[TASK]:
Write out, from the entries below, exactly the lines that run between the lines holding "Tamalpais-Homestead Valley House" and "2014 Hallmark Wizard", inclusive, and stop there.

[MATERIAL TO PROCESS]:
——————————
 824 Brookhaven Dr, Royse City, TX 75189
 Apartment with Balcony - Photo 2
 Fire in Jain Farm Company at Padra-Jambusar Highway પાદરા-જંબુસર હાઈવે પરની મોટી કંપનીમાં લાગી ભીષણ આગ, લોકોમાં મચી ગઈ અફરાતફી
——————————
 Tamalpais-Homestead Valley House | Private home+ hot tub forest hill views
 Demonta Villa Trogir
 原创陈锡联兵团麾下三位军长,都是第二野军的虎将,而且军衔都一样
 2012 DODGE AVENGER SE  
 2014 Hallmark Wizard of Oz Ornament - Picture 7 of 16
——————————
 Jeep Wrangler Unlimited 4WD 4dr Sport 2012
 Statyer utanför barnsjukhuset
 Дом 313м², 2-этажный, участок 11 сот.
——————————
[EXERCISE RESULT]:
 Tamalpais-Homestead Valley House | Private home+ hot tub forest hill views
 Demonta Villa Trogir
 原创陈锡联兵团麾下三位军长,都是第二野军的虎将,而且军衔都一样
 2012 DODGE AVENGER SE  
 2014 Hallmark Wizard of Oz Ornament - Picture 7 of 16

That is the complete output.